In the Valley, if the weather turns suddenly inclement (as it quite often does, spontaneously), you can hop into one of the shopping centers, the museum, and the five star hotel and get out of the rain. High country? You won’t get rain, you’ll likely get snow, or a snow and rain mix depending on how high you are. Do you have a pancho, or a parka? No?   Do you know not only HOW to start a fire, but where you’re allowed to in the back country? No?? Your cause of death will likely be a draw for hypothermia and your ego writing a check your gear couldn’t cash. Note; in Yosemite, fires are restricted to areas Under 10,000 ft. Above 10k? Don’t do it.   There isn’t enough oxygen up there, and being around a fire up there may lead to death by asphyxiation.

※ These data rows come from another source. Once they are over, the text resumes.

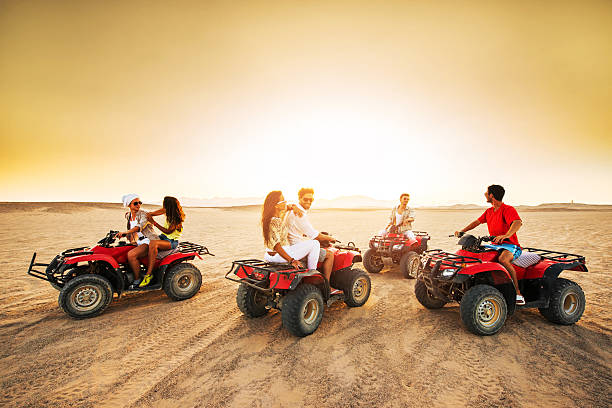 gruppo di giovani guidano quad moto al tramonto. - off road vehicle quadbike desert dirt road foto e immagini stock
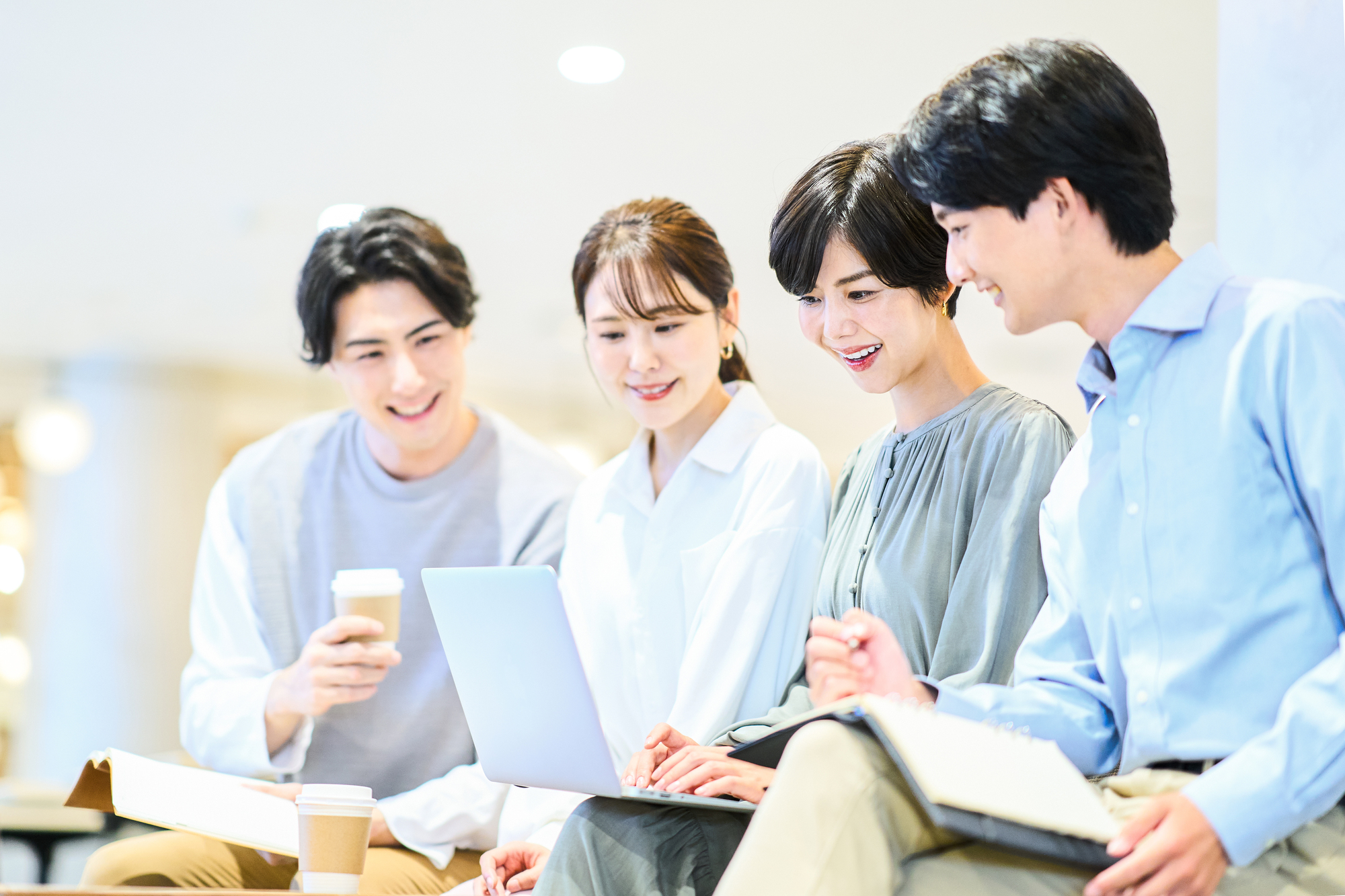 パソコンの画面を笑顔で眺める4人の男女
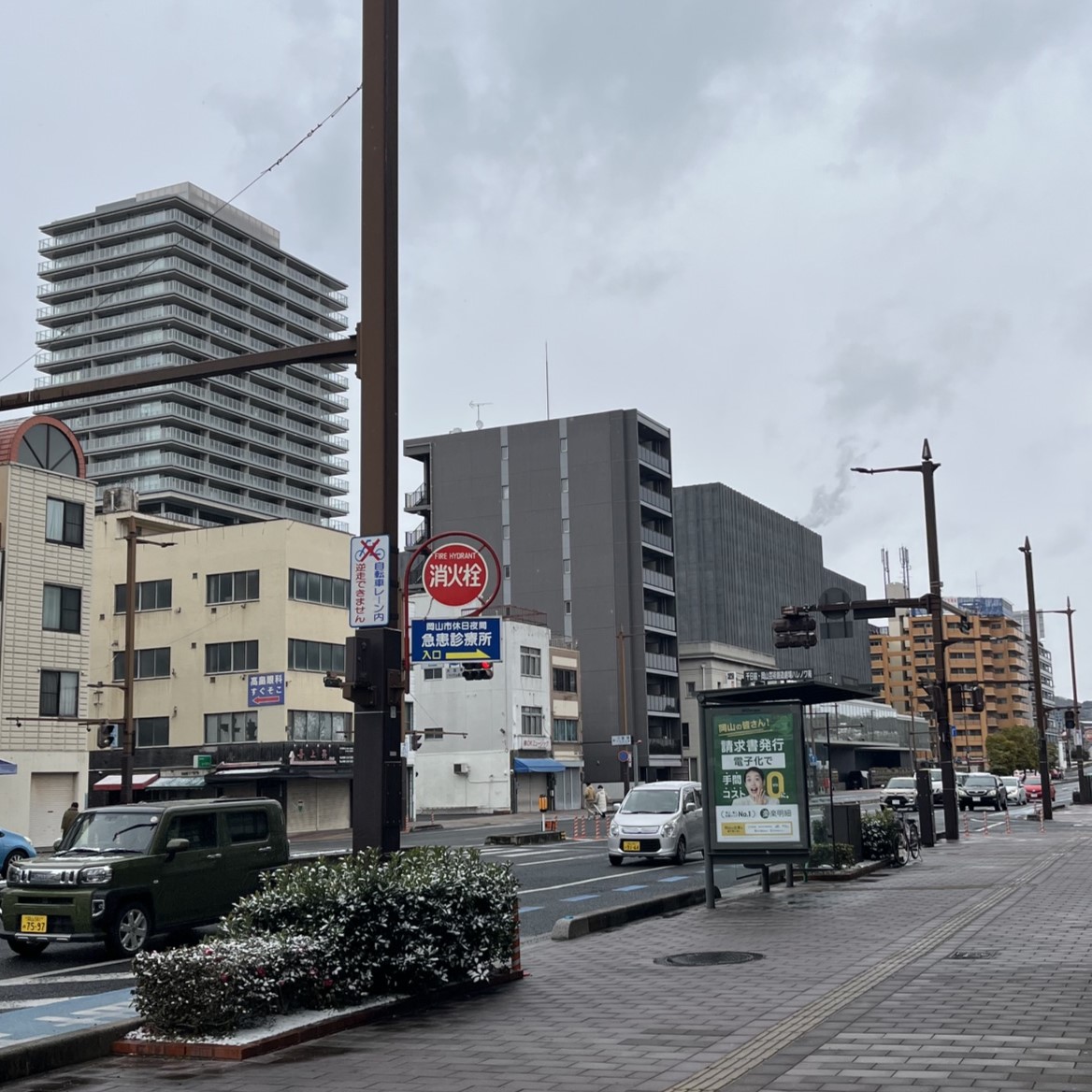 岡山市中心部、ビルやマンションが並び、道路の中央には路面電車の駅がある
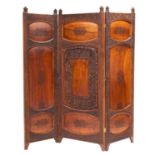 An Indian carved teak threefold screen; with aised and incised panels of flowers and foliage,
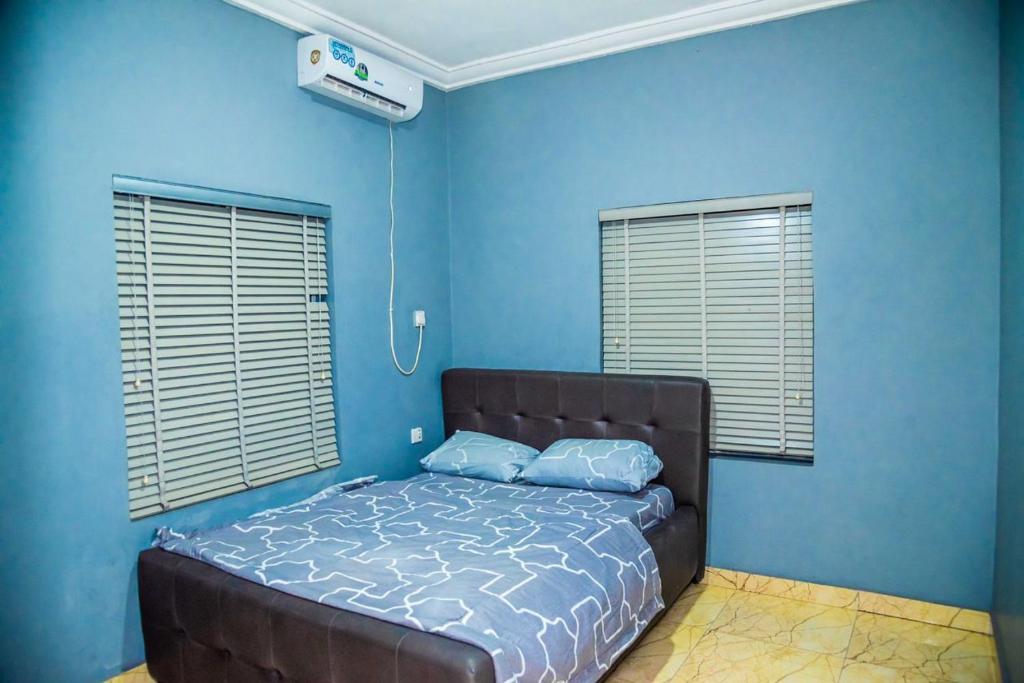 Schlafzimmer mit blauen Wänden und einem Bett mit blauer Bettwäsche in der Unterkunft Jimms Place in Owerri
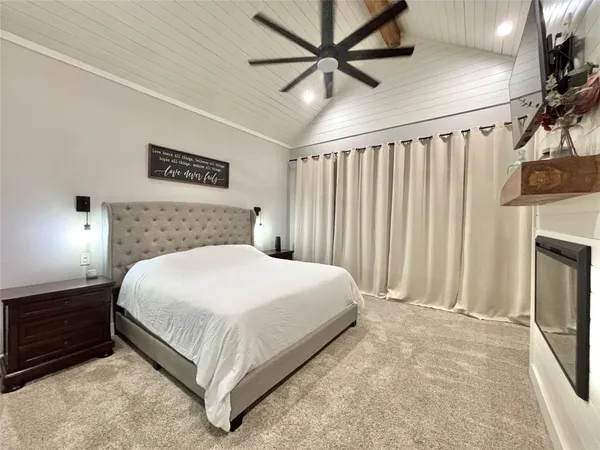 a bedroom with a large bed and a chandelier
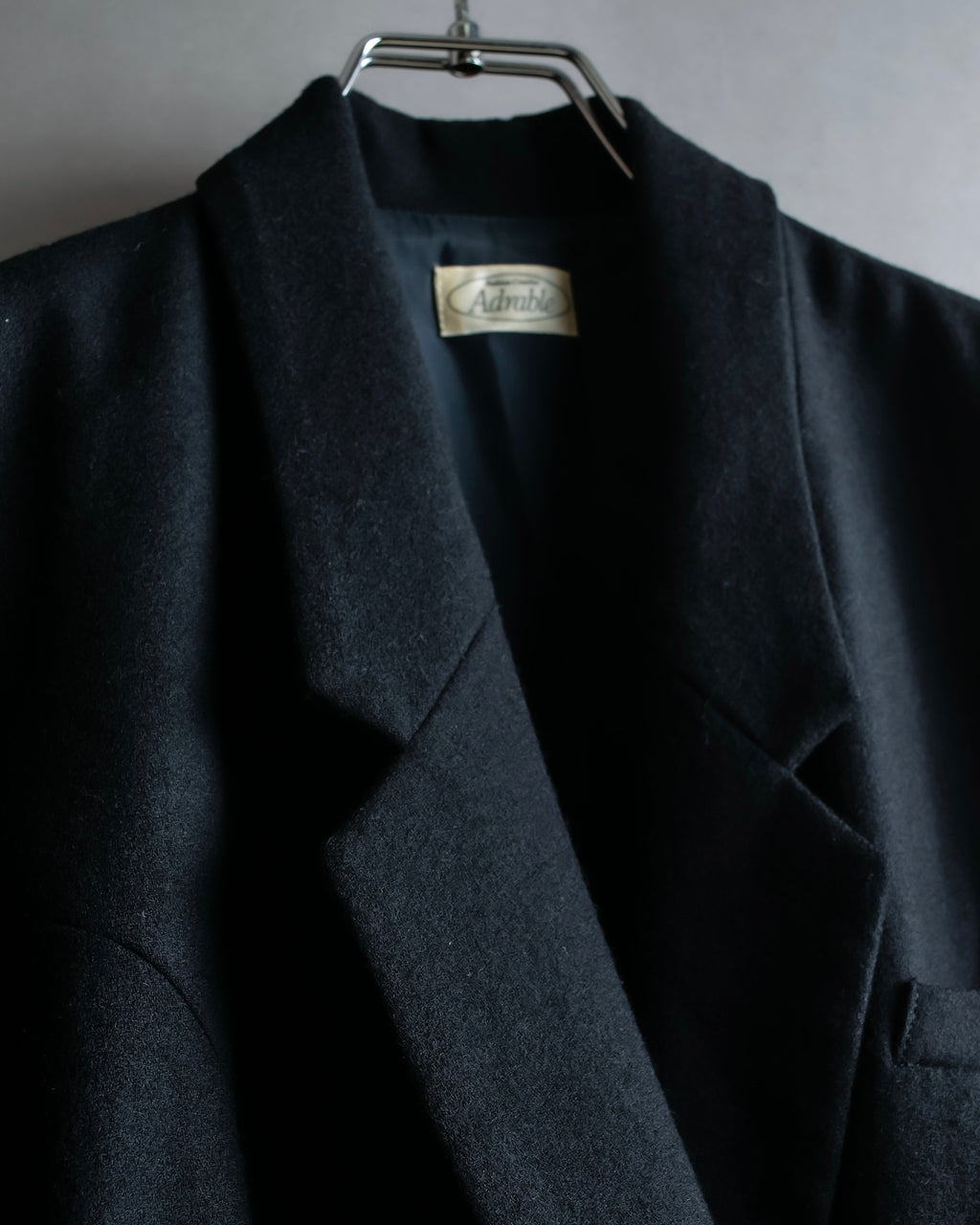 Tight-waisted wool shirt and black coat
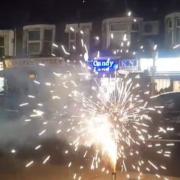 Still from anonymous footage showing fireworks being set off on a busy street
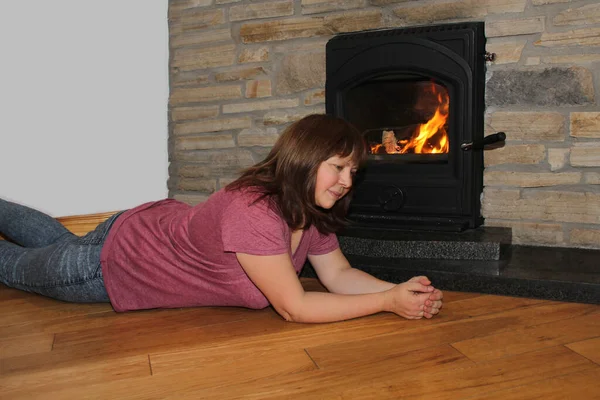 woman lies near a burning fireplace and thinks, concept of winter mood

In the Valley, there are a dozen or so places to get food, and just about any kind you’d like. Over Tioga pass? Two.   Tuolumne Meadows and Crane Flats, at either end of the pass. The former is a through hiker restock point, so expect high calorie low weight food, and nothing you have to cook. Crane Flats has a convenience store and gas station.

The valley is for tourists. Back country is NOT. You go back there unprepared and the Bouncer will treat you like an ant to a boot.

And even *I* am guilty of this and have had a recent reminder of the rules. Last month I went up to Tahoe with New Stick and Tenaya to show New Stick part of where he now lives. The day was nice and sunny in the morning, and a little chilly and breezy when we got up there. But of the three of us, only my wife had a proper gear load out. Most of my gear was still in the wash from the week before. So I was up there in bare bones gear and shorts and short sleeves. It was a bit chilly, but not bad.

About a quarter to three in the afternoon, clouds blew in, and it looked like rain.   That wasn’t good, so we made our way back up to the parking lot of D. L. Bliss State park. That was when Mother Nature reminded me of a few things.   Thing one was that when you’re above 7k feet and the temp is low enough (like it was then) you don’t get rain.  You get snow. Thing two was that even in late spring, you can get snow enough to get white out conditions getting back to the highway. Thing three was a not at all subtle reminder that I was NOT PREPARED FOR SNOW OR COLD WEATHER SURVIVAL. What followed was 45 minutes of white knuckle driving racing to get down out of the mountains before it snowed us in. I say race because we didn’t have chains either, and as we were coming down off of Donner Pass, the signs started changing on 80 to “Snow at pass, carry chains.” The bouncer bounced us right out of the club. We did Not have the gear to be there. Are you on Facebook? The video of the beginning of the bad weather is here. By the time we got past Squaw Valley, it looked like this.

The whole episode was a none too subtle Trial By Error that thankfully we survived, made worse by the fact that I should have known better. Out of the three of us, tenderfooted Tenaya was the best prepared.   She followed what she’d been taught but what one of her teachers was idiotically ignoring (that’d be me, and yea, I’ll take my lumps..). She had a jacket. She was prepared. She did it right.

But back to my acquaintance. My acquaintance has a choice to make here. They can stay a tourist, pay the cover, get in the club, and have a good time, metaphorically. But if they wants to take their family back country, to go have a nice day hike in the high country? They’ve got some work to do. I can’t tell them how to get up there and do a day hike safely with little gear and no knowledge because there simply IS NO WAY to do that safely. I’ve been bounced out of the high country for not being prepared for it. I lived, not because I’m hard to kill, or macho, or anything other than stupidly lucky and intimately familiar with my own contingency planning (which helps loads).   Believe me, I’m not going to shoot my mouth off around the Bouncer. Her message was well received, thank you and may I NOT have another…

And anyone else who asks?? Hey, if you have a real interest in going there and learning that, I’ll do everything I can to either teach you or put you where you need to be to learn. I try to be nice about it that way. But if you’re going to ask me how to get away with doing something really stupid or unsafe?? Then no, I won’t hold your beer, and no, I won’t “watch this.”   You’re walkin’ with Darwin, not me.   I respect the Bouncer.